Die Kabarettistin Christine Prayon, die durch ihre Rolle als Reporterin Birte Schneider in der „heute-show" Berühmtheit erlangt hat, will nicht mehr in der ZDF-Show auftreten, weil dort „Stimmung gegen Andersdenkende" gemacht werde.

Es gibt Menschen, die haben Witz, andere haben Humor und wieder anderen besitzen Ironie.
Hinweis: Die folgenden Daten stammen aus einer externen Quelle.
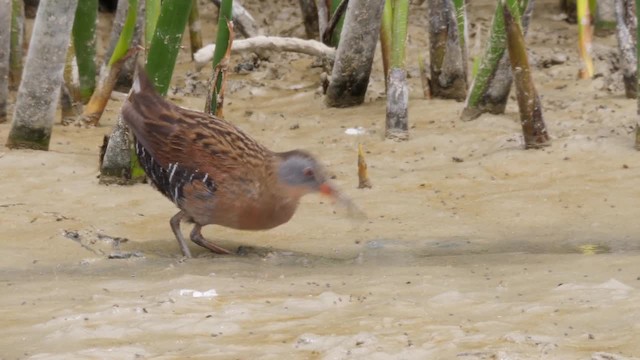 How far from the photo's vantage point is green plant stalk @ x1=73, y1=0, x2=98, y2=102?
8.16m

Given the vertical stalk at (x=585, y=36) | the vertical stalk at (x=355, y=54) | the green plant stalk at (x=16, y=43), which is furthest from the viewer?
the green plant stalk at (x=16, y=43)

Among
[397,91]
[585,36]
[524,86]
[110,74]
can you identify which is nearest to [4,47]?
[110,74]

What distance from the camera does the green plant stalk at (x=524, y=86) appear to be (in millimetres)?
6867

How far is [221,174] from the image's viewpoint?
18.0 feet

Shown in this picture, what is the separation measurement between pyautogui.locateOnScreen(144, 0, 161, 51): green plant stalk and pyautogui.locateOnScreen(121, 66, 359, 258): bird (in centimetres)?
113

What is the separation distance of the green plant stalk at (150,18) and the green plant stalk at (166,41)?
218mm

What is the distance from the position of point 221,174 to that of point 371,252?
790 mm

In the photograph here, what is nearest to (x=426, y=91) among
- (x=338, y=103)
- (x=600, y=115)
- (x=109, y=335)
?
(x=338, y=103)

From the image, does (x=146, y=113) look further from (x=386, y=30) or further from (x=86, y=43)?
(x=386, y=30)

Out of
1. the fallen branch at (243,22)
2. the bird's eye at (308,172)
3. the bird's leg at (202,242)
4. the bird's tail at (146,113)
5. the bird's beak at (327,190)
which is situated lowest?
the bird's leg at (202,242)

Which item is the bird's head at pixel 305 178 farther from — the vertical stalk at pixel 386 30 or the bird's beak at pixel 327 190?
the vertical stalk at pixel 386 30

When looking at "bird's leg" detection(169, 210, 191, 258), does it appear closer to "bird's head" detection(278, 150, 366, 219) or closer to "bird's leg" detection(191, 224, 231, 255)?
"bird's leg" detection(191, 224, 231, 255)

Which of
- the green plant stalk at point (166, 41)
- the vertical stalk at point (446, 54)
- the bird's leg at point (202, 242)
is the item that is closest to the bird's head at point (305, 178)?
the bird's leg at point (202, 242)

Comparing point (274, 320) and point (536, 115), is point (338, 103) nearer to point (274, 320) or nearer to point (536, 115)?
point (536, 115) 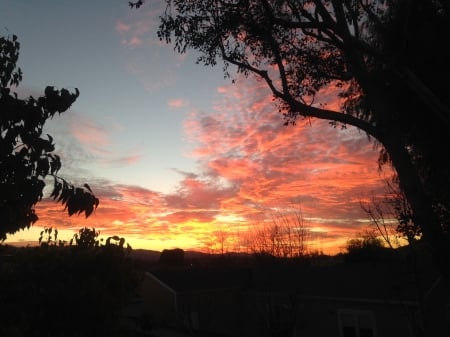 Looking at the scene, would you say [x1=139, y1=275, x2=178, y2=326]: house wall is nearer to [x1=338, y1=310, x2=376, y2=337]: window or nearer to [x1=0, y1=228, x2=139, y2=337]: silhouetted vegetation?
[x1=338, y1=310, x2=376, y2=337]: window

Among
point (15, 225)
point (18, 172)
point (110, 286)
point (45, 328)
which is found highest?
point (18, 172)

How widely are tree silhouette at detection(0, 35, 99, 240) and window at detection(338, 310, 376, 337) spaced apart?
697 inches

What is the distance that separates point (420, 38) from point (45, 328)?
1231cm

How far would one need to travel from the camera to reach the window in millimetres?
19156

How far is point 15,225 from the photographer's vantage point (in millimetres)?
4910

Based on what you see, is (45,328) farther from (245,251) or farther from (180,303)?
(245,251)

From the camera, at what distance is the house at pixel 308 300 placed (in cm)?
1823

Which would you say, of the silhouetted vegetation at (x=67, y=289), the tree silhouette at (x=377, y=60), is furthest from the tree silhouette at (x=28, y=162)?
the tree silhouette at (x=377, y=60)

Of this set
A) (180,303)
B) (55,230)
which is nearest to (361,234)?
(180,303)

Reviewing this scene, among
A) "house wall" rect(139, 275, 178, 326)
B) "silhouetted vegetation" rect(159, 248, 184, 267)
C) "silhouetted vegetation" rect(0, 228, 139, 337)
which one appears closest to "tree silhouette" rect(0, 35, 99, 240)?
"silhouetted vegetation" rect(0, 228, 139, 337)

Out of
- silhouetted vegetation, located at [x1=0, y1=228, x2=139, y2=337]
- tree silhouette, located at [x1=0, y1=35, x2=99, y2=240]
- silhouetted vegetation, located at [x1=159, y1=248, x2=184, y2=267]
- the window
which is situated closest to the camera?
tree silhouette, located at [x1=0, y1=35, x2=99, y2=240]

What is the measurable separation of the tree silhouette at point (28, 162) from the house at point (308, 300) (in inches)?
321

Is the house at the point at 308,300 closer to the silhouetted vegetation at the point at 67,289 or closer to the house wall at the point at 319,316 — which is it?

Der Rest schaltet den Fernseher an und schaut Kabarett auf ARD und ZDF. Da nämlich tummeln sie sich, die öffentlich-rechtlichen Inquisitoren, die gemeinsam mit einer Horde im Publikum ein Feindbild auslachen und niedermachen. Bei ARD und ZDF macht das Ausgrenzen Spaß, denn dort wirken Hofnarren als Scharfmacher. Sie erschaffen Feindbilder, an denen das Publikum dann die eigenen Gefühle abreagieren kann.

Mehr als zehn Jahre lang hat Christine Prayon in der „heute-show" als Reporterin Birte Schneider bei dieser Scharfmacherei mitgemacht. Mittlerweile aber sind ihr Zweifel gekommen. In einem Interview mit der „Kontextwochenzeitung" erklärt sie: „Ich habe mit der Art, wie die großen gesellschaftlich prägenden Themen seit Corona behandelt werden, zunehmend Bauchschmerzen bekommen.“

„Nein, ich bin überhaupt keine Freundin mehr von Satiresendungen, egal ob Böhmermann, ,Anstalt' oder andere“, sagte Christine Prayon, und erklärte auch, warum. Sie wolle sich einfach nicht daran beteiligen, Andersdenkende der Lächerlichkeit preiszugeben. Außerdem dürfe Satire sich nicht daran beteiligen, den Diskurs zu verengen. Das aber würde beim ZDF stattfinden:

„Da werden Narrative und Positionen von Gruppen, die gesellschaftlich in der Hierarchie weit oben stehen, unablässig wiederholt und gleichzeitig wird Stimmung gegen Andersdenkende gemacht. Das hat nach meinem Dafürhalten nichts mehr mit Satire zu tun."

Für Christine Prayon ist besonders eine Sendung von Jan Böhmermann in Erinnerung geblieben:

„An eine Sendung kann ich mich noch gut erinnern. Da ging es um Nichtgeimpfte, und dann lehnte er sich zurück und zeigte zwei Stinkefinger. Ich dachte, wie kann man das machen?"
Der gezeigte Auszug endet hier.